Es dauerte einige Jahrzehnte, bis ich erstaunt feststellte, überdurchschnittlich gut im Rechnen zu sein. Ich beteiligte mich an einer Rechnen-Challenge, die via App ausgetragen wurde. Es ging dabei um nichts, und ich hatte nichts zu verlieren. Es galt, so schnell wie möglich verschiedene Rechenaufgaben zu lösen; zu addieren, zu multiplizieren, zu dividieren und zu subtrahieren. Dies mit wachsendem Schwierigkeitsgrad. Und ich erzielte von Anfang an enorme Punktezahlen. Eine Zeit lang bestand auch die Möglichkeit, mich mit Rechnern aus dem deutschsprachigen Raum zu messen.

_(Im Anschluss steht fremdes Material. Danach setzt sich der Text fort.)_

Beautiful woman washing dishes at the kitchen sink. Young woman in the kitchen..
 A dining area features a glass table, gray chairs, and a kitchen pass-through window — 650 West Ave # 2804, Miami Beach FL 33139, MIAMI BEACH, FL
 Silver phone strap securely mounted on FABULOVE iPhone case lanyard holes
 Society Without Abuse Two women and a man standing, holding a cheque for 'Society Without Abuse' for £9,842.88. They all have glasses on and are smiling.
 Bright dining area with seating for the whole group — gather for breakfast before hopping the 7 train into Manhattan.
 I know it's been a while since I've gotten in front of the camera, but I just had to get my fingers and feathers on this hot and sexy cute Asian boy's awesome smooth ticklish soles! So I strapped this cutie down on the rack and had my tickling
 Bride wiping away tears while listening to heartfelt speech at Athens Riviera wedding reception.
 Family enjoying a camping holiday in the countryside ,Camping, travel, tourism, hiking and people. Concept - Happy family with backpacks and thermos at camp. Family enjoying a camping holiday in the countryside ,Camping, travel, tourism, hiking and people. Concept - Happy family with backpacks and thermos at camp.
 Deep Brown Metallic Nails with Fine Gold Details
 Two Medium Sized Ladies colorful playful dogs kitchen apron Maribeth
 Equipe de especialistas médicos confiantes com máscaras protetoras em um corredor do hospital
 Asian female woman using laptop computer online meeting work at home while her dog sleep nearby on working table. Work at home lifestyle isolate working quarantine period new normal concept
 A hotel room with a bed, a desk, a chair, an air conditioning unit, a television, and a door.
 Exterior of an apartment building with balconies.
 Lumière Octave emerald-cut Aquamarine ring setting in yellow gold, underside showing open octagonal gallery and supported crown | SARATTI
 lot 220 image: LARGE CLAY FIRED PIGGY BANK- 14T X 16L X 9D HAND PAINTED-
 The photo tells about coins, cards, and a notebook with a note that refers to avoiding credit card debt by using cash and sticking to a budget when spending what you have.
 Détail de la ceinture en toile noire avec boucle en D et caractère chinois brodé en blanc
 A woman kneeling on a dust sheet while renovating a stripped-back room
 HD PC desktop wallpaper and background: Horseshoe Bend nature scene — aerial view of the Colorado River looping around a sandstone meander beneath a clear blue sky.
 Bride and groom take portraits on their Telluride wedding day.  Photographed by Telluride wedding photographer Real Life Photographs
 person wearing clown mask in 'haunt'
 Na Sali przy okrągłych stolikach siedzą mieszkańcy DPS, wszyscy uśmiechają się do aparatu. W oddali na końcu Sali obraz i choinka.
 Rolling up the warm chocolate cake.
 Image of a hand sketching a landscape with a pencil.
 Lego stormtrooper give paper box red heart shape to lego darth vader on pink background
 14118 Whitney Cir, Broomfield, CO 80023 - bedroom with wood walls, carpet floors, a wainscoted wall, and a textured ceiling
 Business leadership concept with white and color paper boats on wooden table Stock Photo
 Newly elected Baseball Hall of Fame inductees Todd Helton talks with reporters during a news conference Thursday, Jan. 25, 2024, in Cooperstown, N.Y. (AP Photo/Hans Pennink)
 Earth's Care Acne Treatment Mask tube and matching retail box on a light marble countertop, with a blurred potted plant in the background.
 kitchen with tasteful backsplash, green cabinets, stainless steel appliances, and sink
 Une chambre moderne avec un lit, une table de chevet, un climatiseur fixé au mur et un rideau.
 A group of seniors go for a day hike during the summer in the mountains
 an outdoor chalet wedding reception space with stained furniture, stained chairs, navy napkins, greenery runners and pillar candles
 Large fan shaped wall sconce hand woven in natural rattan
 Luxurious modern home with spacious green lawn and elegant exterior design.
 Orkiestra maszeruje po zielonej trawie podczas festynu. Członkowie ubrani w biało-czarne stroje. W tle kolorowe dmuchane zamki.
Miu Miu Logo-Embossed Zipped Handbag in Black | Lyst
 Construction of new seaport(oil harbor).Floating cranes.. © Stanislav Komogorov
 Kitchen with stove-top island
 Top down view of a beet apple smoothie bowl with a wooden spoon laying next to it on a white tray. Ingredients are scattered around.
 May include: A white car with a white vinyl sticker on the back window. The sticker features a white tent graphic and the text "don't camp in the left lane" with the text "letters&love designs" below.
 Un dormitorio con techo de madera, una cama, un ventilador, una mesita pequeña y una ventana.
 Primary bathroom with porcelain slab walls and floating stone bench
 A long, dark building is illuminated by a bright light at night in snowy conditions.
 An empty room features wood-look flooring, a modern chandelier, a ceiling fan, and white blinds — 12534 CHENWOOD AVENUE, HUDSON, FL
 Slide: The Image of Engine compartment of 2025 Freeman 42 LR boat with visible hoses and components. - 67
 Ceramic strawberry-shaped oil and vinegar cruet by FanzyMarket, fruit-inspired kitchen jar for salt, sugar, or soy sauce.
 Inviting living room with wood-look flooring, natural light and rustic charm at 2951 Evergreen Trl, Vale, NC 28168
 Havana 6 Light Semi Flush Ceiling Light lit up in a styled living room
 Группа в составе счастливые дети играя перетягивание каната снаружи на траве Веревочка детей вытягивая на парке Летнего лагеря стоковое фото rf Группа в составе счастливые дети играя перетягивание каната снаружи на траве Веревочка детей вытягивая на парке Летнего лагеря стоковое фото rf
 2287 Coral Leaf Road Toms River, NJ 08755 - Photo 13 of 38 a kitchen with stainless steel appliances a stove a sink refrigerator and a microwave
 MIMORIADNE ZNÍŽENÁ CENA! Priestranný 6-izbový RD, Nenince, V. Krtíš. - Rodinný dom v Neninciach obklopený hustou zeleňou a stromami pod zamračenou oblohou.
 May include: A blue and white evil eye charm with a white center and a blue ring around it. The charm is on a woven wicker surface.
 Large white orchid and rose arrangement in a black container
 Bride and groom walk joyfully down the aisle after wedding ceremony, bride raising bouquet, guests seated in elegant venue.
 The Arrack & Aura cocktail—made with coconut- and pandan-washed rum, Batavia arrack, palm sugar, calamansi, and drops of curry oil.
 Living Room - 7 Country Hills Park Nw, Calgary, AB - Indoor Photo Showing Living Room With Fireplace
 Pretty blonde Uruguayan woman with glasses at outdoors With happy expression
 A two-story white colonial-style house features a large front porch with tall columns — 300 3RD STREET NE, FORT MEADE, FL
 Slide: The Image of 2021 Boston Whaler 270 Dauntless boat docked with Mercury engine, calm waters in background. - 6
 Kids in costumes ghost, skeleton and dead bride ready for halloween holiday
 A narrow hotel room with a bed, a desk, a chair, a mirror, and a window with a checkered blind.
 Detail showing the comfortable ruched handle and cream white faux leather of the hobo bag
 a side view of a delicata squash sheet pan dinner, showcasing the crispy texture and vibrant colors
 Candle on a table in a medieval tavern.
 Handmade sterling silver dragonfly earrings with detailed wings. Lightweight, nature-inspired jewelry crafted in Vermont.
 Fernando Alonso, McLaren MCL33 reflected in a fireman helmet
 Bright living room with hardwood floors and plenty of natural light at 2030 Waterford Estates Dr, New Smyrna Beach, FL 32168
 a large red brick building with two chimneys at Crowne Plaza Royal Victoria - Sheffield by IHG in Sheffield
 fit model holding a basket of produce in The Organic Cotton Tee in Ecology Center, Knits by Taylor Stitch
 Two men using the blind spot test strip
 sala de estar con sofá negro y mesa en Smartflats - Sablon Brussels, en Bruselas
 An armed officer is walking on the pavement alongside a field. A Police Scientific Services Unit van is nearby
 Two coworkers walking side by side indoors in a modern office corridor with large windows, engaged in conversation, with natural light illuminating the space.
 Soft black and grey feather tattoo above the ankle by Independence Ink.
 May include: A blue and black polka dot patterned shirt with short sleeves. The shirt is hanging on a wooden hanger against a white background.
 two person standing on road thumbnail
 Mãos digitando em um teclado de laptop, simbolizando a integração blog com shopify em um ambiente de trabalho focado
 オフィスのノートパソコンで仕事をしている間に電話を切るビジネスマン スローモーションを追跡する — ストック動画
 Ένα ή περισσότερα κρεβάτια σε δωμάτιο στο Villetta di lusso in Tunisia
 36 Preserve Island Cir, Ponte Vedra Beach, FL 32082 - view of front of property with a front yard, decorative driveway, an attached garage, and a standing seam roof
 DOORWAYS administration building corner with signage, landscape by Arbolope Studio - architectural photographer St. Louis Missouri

Ich war, solange ich an dieser Challenge teilnahm, quasi unschlagbar. Manche Mitstreiter kamen mir von der Punkteanzahl relativ nahe. Ein knappes Jahr belegte ich in der Rangliste den ersten Platz, und da ich nicht ewig so weiter machen wollte, räumte ich dann das Feld.

Nun, ich habe nicht Mathematik studiert, und bin nicht mal Rechnungsprüfer oder Buchhalter geworden. Wahrscheinlich, weil ich meine Affinität zu Zahlen zu spät entdeckt habe. Heute bin ich Autor, Schriftsteller und ein Zahlenmensch. Eine Fertigkeit muss nicht immer dazu führen, etwas „daraus zu machen“. Es kann einfach nur eine interessante Entdeckung sein zu wissen, dass man etwas gut kann. Und das streichelt durchaus die Seele. Es zahlt sich buchstäblich aus, nicht aus allem einen Nutzen ziehen zu wollen.